背景：个人乳腺摄影筛查绩效评估计划（PERFORMS）方案用于评估读者绩效。这个方案能否评估人工智能（AI）算法的绩效尚不清楚。目的：比较人工读者和商用AI算法对PERFORMS测试集的解读绩效。材料和方法：在这项回顾性研究中，人工读者于2018年5月至2021年3月评估了两个PERFORMS测试集，每个测试集包括60个具有挑战性的病例，而AI算法于2022年进行了评估。AI独立地对每个乳房进行评估，为检测到的特征分配恶性肿瘤疑似得分。使用每个乳房的最高得分进行绩效评估。计算了AI和人工读者的敏感性、特异性和受试者工作特征曲线下面积（AUC）等绩效指标。该研究的样本能力可检测中等效应（优势比值为3.5或0.29）的敏感性。

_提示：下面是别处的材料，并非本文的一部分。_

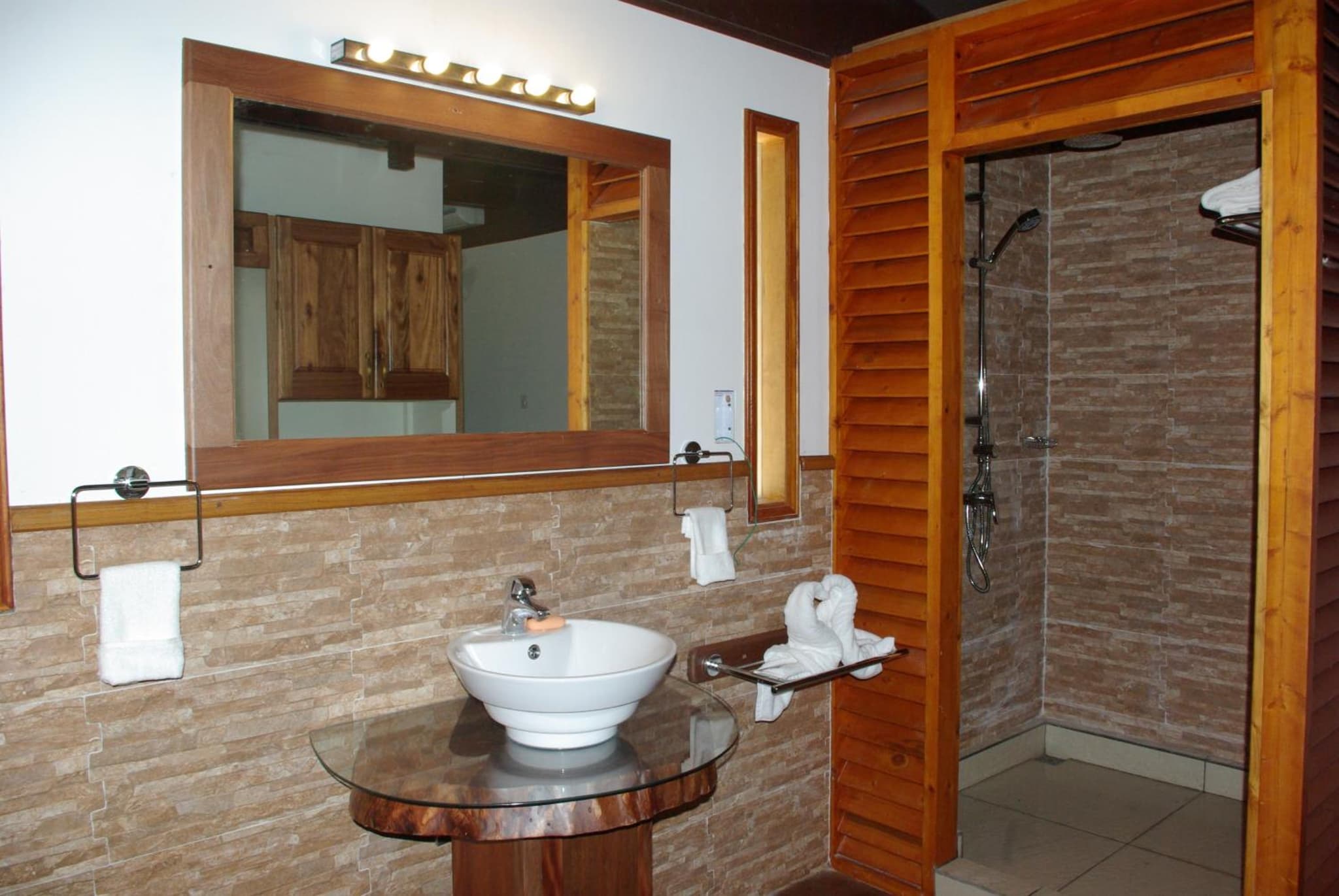 Heliconia Grove photo 9
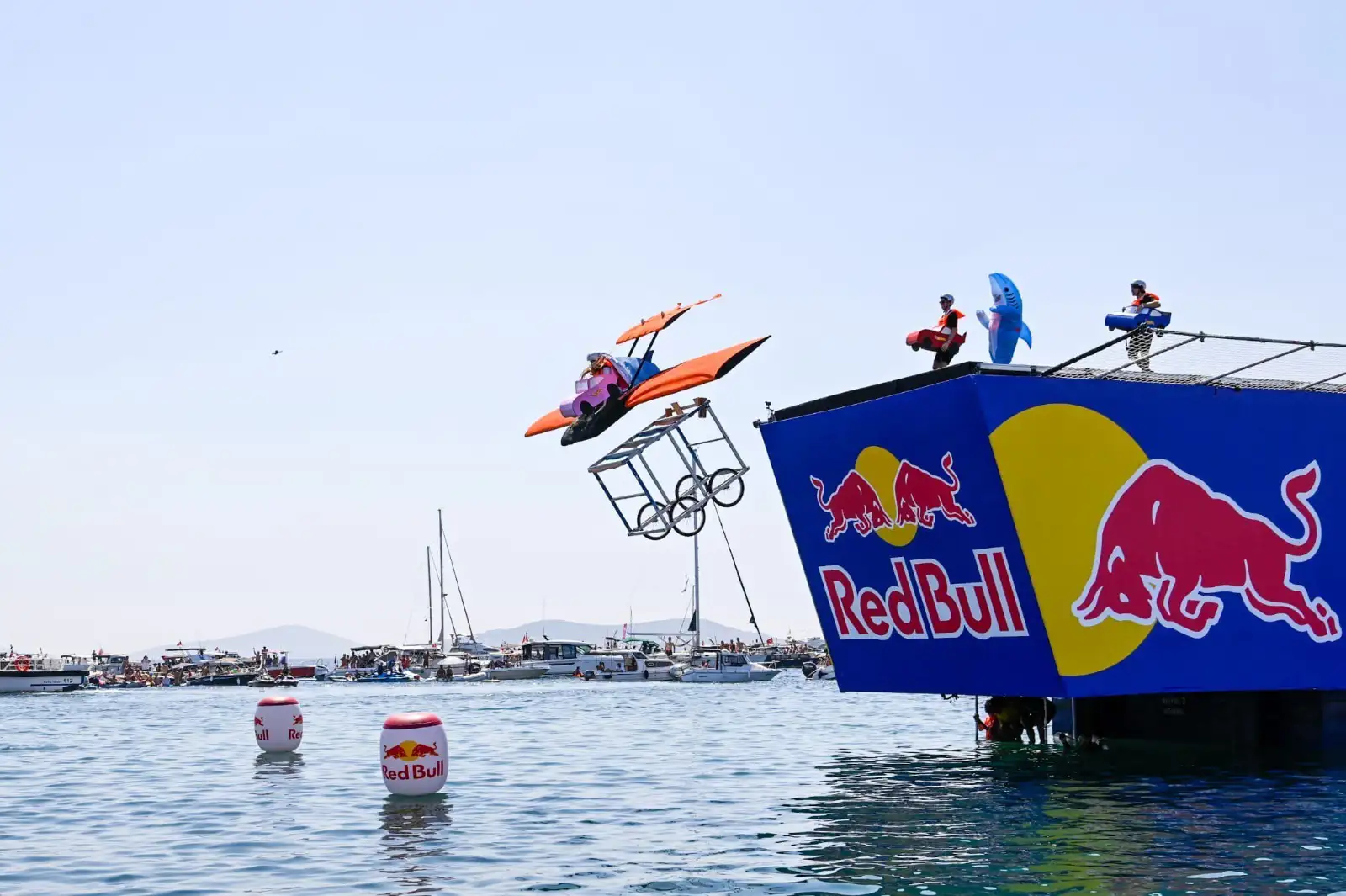 Red Bull Uçuş Günü İstanbul’da “Uçuş Serbest” Dedi 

结果：共有552名人工读者解读了两个PERFORMS测试集，其中包括161个正常乳房、70个恶性乳房和9个良性乳房。在乳房水平上，AI的AUC和人工读者的AUC之间无差异（分别为0.93%和0.88%，P = .15）。当使用开发者建议的回忆得分阈值时，AI和人工读者的敏感性没有差异（分别为84%和90%，P = .34），但AI的特异性（89%）高于人工读者（76%，P = .003）。然而，由于测试集的规模，无法证明二者的等效性。当使用回忆阈值与人工读者平均绩效（90%敏感性，76%特异性）相匹配时，AI的绩效没有差异，敏感性为91%（P = .73），特异性为77%（P = .85）。结论：在从PERFORMS方案中获得的两个精选测试集的病例评估中，AI的诊断绩效与平均人工读者相当。 ©RSNA，2023，请参阅本期Philpotts的社论。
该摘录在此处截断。